The submission of the Canadian Council for Refugees, CCR, rightly points out that Canadian courts argue that the H&C provides a point for protecting various rights in expulsion – notably family rights and children’s rights but also protection from torture or lesser cruel or degrading treatment. This is another way of telling the Supreme Court that the H&C is a convenient cheap substitute for what should be serious safeguards to protect non-citizens’ important rights threatened by deportation.

And the H&C process no doubt provides a remedy for some, but it evidently does not for others like K. There is no sense of fair play or equal treatment for people in similar situations. And the timelines for getting decisions in 3 months or 3 or 4 years are as varied and unpredictable as the decisions themselves.

More than this, the value of H&C as a protection for rights in expulsion has been questioned.  The UN Committee against Torture in Falcon Rios v Canada 2007 repeated concerns from its concluding Observations on the examination of Canada that the officials were not independent decision makers and judicial review was an inadequate remedy to protect from risk of torture.  In Shakeel v Canada 2013 the UN Human Rights Committee found that H&C was not a remedy that had to be exhausted before submitting a complaint internationally, because there had been no reply to the H&C application in question after 4 years and because the H&C application did not offer protection from deportation pending a decision.

Contrary to the views of the dissenting two judges, I think the Supreme Court has a Constitutional obligation to ensure that important rights from treaties ratified using the authoritative Constitutional process (multi-provincial backing) are protected by fair trial rights. So as the majority found, the Supreme Court should find a decision that fails to uphold a right an “unreasonable” decision. Moreover a decision concerning protection of an important right should be “correct” and if not, the court should correct it.
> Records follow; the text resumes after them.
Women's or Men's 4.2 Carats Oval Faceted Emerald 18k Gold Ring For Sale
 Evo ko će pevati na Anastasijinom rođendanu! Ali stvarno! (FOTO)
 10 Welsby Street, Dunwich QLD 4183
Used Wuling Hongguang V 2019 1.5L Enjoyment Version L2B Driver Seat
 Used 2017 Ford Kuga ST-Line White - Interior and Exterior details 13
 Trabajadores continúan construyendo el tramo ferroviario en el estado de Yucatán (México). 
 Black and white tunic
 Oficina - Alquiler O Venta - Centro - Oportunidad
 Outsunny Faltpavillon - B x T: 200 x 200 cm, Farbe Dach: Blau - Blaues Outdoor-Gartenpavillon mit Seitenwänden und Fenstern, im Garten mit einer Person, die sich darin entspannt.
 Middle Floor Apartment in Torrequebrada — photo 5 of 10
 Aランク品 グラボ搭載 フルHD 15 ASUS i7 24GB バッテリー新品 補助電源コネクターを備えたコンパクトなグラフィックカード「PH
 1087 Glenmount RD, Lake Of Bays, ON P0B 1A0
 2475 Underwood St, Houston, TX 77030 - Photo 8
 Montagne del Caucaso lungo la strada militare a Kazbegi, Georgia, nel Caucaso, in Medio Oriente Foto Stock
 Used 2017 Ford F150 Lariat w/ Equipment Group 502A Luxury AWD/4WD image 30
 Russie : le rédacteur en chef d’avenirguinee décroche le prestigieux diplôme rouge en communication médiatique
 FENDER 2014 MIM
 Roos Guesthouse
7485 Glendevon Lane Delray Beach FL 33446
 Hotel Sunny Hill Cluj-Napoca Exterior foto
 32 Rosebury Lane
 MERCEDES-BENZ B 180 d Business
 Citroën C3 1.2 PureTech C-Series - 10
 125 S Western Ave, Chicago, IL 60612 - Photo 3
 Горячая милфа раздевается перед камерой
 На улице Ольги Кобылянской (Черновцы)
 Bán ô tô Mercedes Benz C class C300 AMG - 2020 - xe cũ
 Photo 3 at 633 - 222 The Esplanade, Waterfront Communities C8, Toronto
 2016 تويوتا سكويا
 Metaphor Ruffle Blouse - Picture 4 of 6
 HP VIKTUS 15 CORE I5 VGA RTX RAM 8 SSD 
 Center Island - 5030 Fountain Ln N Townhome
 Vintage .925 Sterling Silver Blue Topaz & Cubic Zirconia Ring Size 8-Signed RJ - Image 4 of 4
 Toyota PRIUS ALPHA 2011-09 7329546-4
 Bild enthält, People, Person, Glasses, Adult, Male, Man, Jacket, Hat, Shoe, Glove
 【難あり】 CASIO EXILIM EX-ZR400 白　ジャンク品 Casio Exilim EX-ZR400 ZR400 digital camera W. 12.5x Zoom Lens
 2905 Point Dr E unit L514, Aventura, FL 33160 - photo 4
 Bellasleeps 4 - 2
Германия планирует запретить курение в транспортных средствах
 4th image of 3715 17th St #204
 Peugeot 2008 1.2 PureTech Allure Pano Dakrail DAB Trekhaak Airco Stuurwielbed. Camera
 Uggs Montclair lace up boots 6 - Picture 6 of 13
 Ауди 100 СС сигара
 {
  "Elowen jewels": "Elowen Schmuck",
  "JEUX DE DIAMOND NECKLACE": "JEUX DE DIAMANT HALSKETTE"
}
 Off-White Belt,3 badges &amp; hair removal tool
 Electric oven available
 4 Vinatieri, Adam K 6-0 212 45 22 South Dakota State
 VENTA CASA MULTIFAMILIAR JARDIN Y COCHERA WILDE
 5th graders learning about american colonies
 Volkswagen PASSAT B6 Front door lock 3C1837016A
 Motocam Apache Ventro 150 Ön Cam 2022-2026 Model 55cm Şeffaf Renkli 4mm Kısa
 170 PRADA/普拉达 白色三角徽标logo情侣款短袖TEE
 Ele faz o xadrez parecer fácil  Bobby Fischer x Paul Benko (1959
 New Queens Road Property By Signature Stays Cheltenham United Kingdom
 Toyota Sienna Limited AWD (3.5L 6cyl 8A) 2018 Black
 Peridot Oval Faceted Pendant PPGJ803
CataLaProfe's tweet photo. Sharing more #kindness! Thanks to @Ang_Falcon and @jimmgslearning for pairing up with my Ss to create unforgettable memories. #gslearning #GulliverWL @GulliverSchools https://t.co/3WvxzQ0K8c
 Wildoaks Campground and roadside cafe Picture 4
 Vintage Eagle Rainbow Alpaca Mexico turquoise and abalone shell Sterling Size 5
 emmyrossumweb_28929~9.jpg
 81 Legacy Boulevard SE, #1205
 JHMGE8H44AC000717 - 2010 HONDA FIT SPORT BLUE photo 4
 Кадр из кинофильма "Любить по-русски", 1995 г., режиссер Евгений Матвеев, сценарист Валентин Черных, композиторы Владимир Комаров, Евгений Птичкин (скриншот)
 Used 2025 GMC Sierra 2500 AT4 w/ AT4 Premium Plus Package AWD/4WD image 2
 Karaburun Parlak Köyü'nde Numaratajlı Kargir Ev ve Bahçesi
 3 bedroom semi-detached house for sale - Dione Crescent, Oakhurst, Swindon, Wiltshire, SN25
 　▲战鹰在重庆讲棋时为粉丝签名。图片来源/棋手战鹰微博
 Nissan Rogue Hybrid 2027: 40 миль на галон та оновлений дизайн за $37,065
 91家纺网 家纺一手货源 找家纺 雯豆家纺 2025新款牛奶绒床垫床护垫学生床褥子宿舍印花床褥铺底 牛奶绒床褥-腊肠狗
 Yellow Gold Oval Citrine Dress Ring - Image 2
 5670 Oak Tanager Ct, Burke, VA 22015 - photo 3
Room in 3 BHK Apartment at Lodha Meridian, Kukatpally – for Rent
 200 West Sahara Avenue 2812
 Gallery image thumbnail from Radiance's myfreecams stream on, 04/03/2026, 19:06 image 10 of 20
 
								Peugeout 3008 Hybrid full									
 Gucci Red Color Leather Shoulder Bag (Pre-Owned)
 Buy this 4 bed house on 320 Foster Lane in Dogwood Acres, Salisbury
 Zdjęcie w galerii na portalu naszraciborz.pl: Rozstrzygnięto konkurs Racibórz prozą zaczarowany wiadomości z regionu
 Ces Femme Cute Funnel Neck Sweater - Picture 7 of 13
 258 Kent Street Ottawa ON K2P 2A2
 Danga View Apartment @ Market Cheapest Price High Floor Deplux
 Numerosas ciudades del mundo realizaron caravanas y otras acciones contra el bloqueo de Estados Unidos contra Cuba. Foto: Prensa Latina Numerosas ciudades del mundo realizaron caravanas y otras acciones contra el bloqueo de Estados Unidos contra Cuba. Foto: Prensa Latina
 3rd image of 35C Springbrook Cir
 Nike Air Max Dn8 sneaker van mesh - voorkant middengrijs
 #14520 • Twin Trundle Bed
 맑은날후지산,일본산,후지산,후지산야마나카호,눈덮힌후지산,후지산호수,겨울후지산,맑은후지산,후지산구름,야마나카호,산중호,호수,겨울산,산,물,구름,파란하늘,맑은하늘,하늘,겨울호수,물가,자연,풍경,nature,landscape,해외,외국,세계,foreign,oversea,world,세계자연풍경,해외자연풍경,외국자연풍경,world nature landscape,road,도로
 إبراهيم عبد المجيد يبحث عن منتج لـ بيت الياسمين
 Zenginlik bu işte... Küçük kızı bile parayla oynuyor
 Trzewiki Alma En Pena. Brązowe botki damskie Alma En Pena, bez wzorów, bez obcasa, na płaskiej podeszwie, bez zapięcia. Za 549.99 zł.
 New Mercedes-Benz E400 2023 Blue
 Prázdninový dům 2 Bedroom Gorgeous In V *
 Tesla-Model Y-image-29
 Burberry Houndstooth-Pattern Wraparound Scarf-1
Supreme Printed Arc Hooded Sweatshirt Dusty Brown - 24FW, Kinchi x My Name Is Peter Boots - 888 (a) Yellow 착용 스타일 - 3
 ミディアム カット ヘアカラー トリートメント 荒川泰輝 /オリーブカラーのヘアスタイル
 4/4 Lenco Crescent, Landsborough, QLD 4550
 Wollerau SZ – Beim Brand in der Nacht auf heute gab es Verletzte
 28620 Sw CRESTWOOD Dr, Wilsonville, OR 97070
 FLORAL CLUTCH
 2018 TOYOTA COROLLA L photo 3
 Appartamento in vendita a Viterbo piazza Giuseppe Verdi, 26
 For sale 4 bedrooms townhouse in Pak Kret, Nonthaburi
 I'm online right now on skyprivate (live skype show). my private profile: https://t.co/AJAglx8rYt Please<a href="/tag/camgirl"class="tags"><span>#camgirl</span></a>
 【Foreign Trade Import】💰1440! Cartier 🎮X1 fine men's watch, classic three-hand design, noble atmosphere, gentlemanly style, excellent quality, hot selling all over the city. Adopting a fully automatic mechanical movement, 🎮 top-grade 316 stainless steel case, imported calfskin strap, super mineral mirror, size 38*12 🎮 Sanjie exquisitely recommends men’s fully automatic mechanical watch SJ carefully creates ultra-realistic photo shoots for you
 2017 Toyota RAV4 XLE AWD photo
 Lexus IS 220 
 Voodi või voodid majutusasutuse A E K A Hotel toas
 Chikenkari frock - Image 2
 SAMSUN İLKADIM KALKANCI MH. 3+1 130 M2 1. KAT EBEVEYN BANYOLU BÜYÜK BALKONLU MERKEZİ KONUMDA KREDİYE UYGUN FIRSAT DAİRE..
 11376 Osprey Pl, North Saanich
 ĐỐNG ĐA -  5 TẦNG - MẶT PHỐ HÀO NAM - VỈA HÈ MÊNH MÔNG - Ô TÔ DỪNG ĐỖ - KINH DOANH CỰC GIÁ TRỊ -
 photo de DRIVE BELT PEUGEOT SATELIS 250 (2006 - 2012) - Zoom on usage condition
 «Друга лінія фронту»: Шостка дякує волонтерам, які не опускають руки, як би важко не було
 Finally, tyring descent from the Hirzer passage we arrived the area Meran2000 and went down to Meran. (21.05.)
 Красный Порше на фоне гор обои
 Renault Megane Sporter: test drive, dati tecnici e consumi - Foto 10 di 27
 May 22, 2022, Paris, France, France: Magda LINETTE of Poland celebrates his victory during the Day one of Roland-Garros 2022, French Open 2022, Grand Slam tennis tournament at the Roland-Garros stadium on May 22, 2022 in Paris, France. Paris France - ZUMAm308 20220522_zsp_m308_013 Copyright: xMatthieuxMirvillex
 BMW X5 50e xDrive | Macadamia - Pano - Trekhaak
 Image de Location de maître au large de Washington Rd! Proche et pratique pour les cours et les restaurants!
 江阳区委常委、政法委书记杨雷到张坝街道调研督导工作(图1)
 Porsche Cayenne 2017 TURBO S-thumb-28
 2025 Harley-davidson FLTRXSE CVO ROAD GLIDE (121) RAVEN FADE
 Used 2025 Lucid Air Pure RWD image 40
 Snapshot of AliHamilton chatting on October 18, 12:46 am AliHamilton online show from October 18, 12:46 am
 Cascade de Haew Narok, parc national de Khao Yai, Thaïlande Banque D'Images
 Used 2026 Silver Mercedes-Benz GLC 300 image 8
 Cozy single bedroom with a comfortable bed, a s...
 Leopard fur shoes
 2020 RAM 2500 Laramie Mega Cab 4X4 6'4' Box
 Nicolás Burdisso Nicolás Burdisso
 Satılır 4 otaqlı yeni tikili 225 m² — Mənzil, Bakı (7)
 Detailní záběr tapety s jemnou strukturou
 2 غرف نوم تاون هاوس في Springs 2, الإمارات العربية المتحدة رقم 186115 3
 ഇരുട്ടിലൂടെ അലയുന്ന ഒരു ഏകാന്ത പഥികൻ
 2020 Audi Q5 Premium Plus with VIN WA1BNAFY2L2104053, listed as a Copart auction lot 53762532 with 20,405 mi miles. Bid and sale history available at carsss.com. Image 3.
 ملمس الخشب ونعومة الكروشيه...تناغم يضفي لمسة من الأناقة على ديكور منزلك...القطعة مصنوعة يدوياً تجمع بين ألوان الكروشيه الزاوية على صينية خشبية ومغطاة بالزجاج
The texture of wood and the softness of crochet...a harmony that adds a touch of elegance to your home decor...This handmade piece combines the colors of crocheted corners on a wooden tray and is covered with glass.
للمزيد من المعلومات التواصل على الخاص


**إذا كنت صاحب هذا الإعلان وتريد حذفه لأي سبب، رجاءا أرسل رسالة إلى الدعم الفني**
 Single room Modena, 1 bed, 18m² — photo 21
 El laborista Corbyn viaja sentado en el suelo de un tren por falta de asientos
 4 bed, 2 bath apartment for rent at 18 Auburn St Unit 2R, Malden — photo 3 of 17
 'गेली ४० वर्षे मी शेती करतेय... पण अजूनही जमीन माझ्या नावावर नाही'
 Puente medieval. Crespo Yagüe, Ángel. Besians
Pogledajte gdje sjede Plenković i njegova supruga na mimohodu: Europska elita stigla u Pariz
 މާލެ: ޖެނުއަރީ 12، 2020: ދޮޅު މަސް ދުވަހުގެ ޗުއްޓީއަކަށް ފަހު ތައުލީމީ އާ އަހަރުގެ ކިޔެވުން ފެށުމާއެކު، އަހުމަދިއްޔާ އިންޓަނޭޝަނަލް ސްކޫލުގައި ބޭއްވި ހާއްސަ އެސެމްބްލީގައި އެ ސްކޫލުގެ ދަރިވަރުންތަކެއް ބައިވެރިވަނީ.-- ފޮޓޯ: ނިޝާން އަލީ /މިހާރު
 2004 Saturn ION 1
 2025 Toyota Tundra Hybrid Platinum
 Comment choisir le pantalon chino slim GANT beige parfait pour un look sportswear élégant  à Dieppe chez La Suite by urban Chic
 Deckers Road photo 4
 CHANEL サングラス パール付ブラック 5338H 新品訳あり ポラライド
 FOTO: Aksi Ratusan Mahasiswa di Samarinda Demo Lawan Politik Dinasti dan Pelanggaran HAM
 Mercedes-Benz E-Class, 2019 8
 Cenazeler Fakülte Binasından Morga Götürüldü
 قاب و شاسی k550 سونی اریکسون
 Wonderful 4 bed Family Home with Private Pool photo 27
Judicial review has passed its due date when important human rights and deportation are at issue.

The Supreme Court that claims to shape the law and is supposed to uphold the Constitution could ensure the rights by using its constitutional authority to call for an appropriate judicial process by an impartial tribunal for protecting rights like protection from torture and children’s rights in expulsion. And it’s time to drop judicial review as a legitimate appeal process.